Эмрос отступил и уперся спиной в дерево.

— Я тебя вижу! — прорычал он; по его бороде поползла слюна. — Колдун! Тебе не удастся взять меня! Я проткну этим мечом твое черное сердце еще до того, как ты…

И он резко бросился вперед, бормоча ругательства и размахивая мечом. Орин и те, кто был рядом, поспешно отступили.

— Мы должны убить его! — закричал один из солдат. — Бешеный пес! Он не только нас не узнает, но и себя самого!

Конан рванулся вперед, отталкивая солдат и извлекая меч из ножен.

— Если я смогу разоружить его…

— Он — демон! — заорал Эмрос, сверкая глазами и клацая зубами. — Ты послан Усхором, так ведь? Я вижу в твоей руке магический жезл — но тебе все равно не удастся взять меня!

И он снова бросился вперед, описывая мечом широкий круг. Конан присел и отбил его удар, затем отступил, ловко уводя Эмроса подальше от толпы зевак. Эмрос яростно завопил.
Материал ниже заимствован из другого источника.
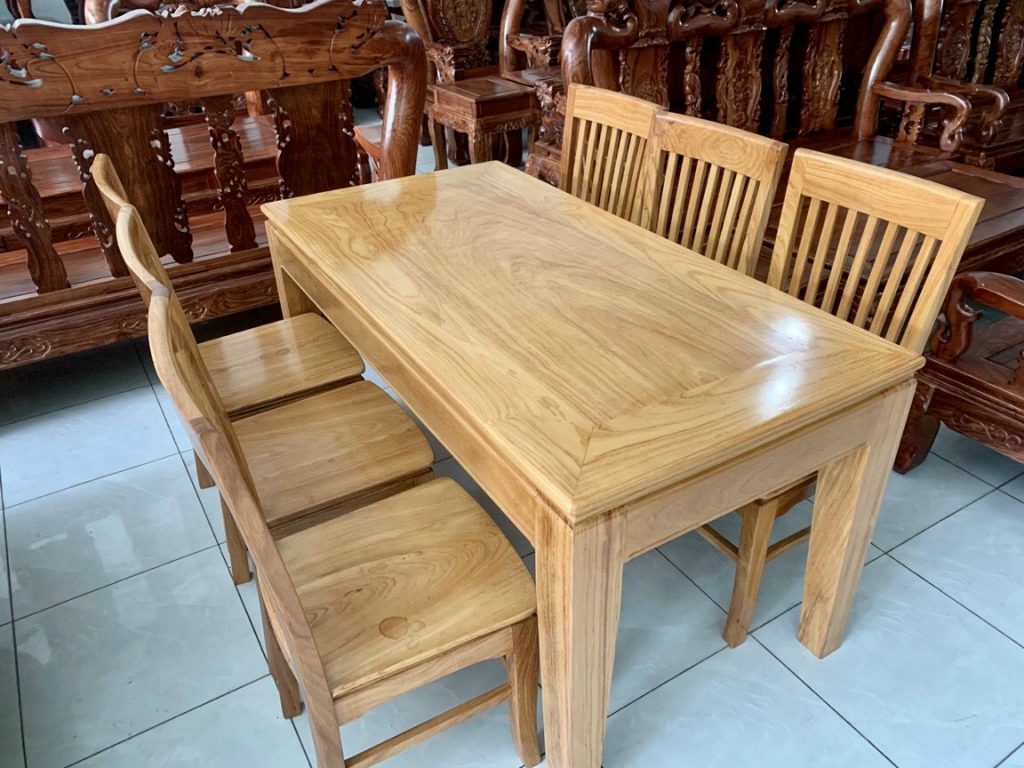 Bộ bàn ăn 6 ghế gỗ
— Ты не сможешь убить меня этим жезлом! — хрипел он, делая бешеные выпады.

Конан выругался. Против его мастерства выступила неистовая сила безумца, и с каждым ударом его рука немела все больше и больше. Этот взбесившийся человек слишком широко размахивает мечом! Конан искусно пригнулся, затем отразил удар, пытаясь попасть по руке, в которой Эмрос держал оружие. Тот попытался ответить на выпад, но поскользнулся на влажной траве.
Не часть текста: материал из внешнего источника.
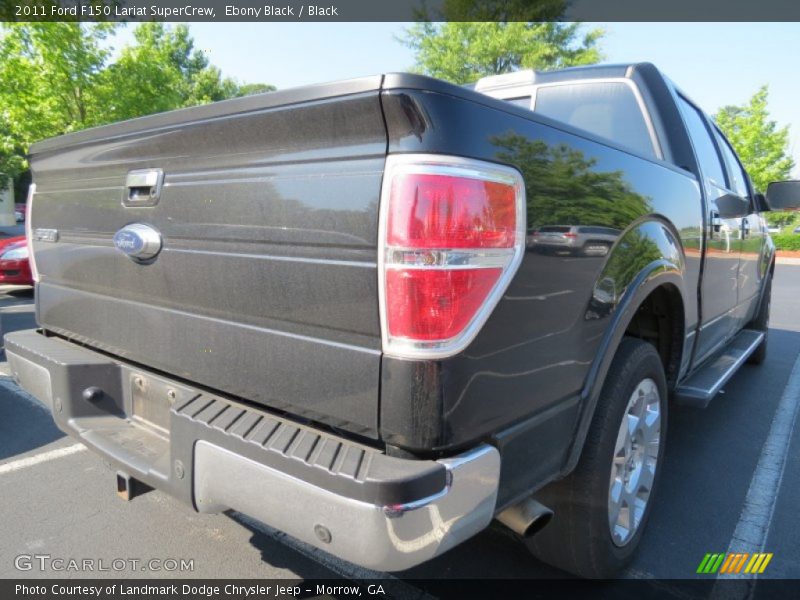Ebony Black / Black 2011 Ford F150 Lariat SuperCrew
Его падение было настолько резким, что Конан нечаянно задел мечом по взметнувшейся вверх руке.

— Й-а-а-а! Убит проклятым жезлом! — завопил Эмрос— Отравлен черным колдовством! Я умру от этого колдовства! Он демон — колдун!.. Митра, забери мою душу!
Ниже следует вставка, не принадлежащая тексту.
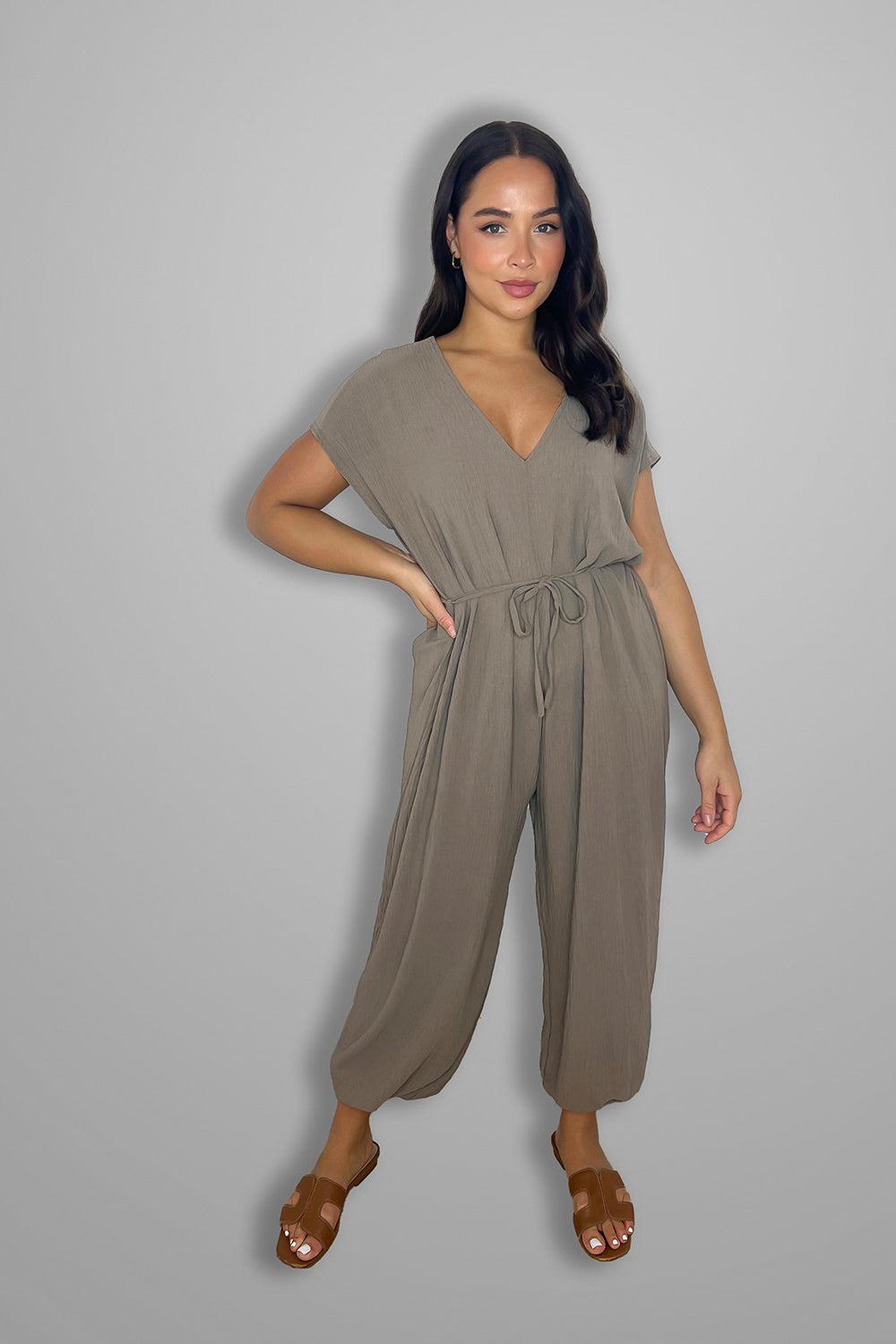 Short leg jumpsuit 2025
И он развернул меч острием к себе — и рухнул на него.

Тут же со всех сторон раздались крики — вокруг толпились солдаты, которые, вытянув шеи, широко раскрытыми глазами наблюдали за этим безумцем. Эмрос покачнулся и упал лицом на траву; меч, вонзившийся в спину по самую рукоять, серебристо-красным языком торчал между лопаток.

Орина била дрожь; он закричал на солдат:

— Идите в свои палатки, остолопы!

Конан долгое время стоял не шевелясь и глядел на труп; наконец кто-то тронул его за руку и окликнул по имени. Он поднял глаза. Это был Варган.

— Пойдем, — сказал бородач негромко. — Все равно ему уже ничем нельзя было помочь. Может быть, самоубийство — это самое мудрое, что он мог сделать. Мне кажется, на нем лежало какое-то заклятье.

Конан покачал головой и медленно двинулся обратно, к своей палатке. Вскоре рядом оказался Орин, и вместе они принялись подниматься по склону, поросшему травой; солдаты же сбивались в группы и о чем-то шептались. Несколько человек оттащили тело Эмроса в сторону, чтобы захоронить его за пределами лагеря.

Орин был в ярости; желваки вздулись у него на скулах, сквозь стиснутые зубы он бормотал проклятия.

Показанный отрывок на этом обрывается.